A Week of Celebrations in Mary’s Meals
School communities mark World Porridge Day and International Day of the Girl Child.
It was a double celebration in some of our programme countries last month as learners, teachers and Mary’s Meals volunteers marked World Porridge Day (10 October) and International Day of the Girl Child (11 October).
In Zambia, where almost 380,000 children enjoy mugs of corn soya blend porridge every school day, the country’s first World Porridge Day celebrations took place. Learners of Mshachantha Primary School in Chipata District, families and community members celebrated at the school and were joined by the district’s mayor.
In Malawi, Chimbewa Primary School and Chiwambo Primary School’s playgrounds were awash with brightly coloured, porridge-filled mugs and grinning children, some of whom posed with eye-catching World Porridge Day banners. Mary’s Meals volunteers in their bright blue aprons also joined in with the celebrations – in between serving mugs of hot, tasty porridge.
World Porridge Day Celebrations
People around the world mark World Porridge Day to celebrate the delicious, nutritious food that’s changing the story for more than a million children who receive Mary’s Meals in Malawi, Zambia and Zimbabwe every school day. In schools across the three countries, mugs of corn soya blend porridge enriched with a blend of vitamins fill children up and give them energy for the day ahead. (In Malawi, the porridge is known locally as likuni phala, but the ingredients are the same in all three countries.)
Daily meals served at school are widely recognised as a good way to bring youngsters to the classroom – helping them to begin carving a brighter future for themselves. Agness Chilima volunteers her time at Chimbewa school to serve porridge to the learners and her children who also attend the school. She also chairs the school’s porridge committee.
She says: “Since Mary's Meals introduced porridge to this school, most students no longer miss classes. They perform well in class and progress to secondary school. Previously, when there was no porridge, students were not motivated to come to school and some dropped out.
“The porridge served here at school has benefited my children. One is still studying here, and the other has graduated from secondary school after eating porridge from Standard 1 to Standard 8.”
International Day of the Girl Child
Meanwhile, on International Day of the Girl Child, learners and teachers called attention to the plight of young girls around the world. Elisa, a Chiwambo Primary School student, and Cecelia Yasin, a volunteer at the school, both had important messages to share.
Elisa dreams of becoming a nurse and has enjoyed Mary’s Meals at school since she enrolled a few years ago. Elisa explains the many hurdles she and other young girls in her area are currently confronted with.
“Young girls in our community face numerous challenges. Girls lack confidence because we are perceived as having less value and we are sometimes forced to miss school to assist with household chores. Despite all these obstacles, I look forward to coming to school every day because of the porridge. When there is no food at home, the porridge keeps me from feeling hungry in class. I participate in class, pay attention and do well.”
Marriage under the age of 18 in Malawi is illegal, but it persists – an estimated 46% of girls are married before they turn 18 and 9% before 15 years old.
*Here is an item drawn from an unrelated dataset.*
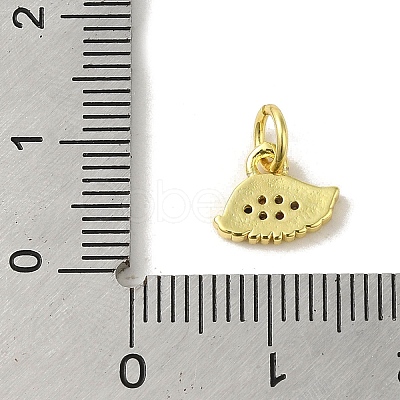 Brass Micro Pave Cubic Zirconia Charms KK-M283-19A-02-1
Cecelia Yasin, who serves these life-changing meals to Elisa and her classmates at Chiwambo, said large numbers of girls now complete their primary school education compared to the years preceding the arrival of Mary’s Meals.
She says: “The majority of girls in this community face various challenges. When their parents are away, some girls are left to look after the household. Most families are unable to provide food and necessities for their children and young girls see marriage as an immediate means of meeting their needs.
“With porridge, young girls are attracted to come to school and remain in school because they have an assurance of a meal – even if they leave home without eating anything. Most girls are now completing primary school unlike in the past when there was no porridge at school.”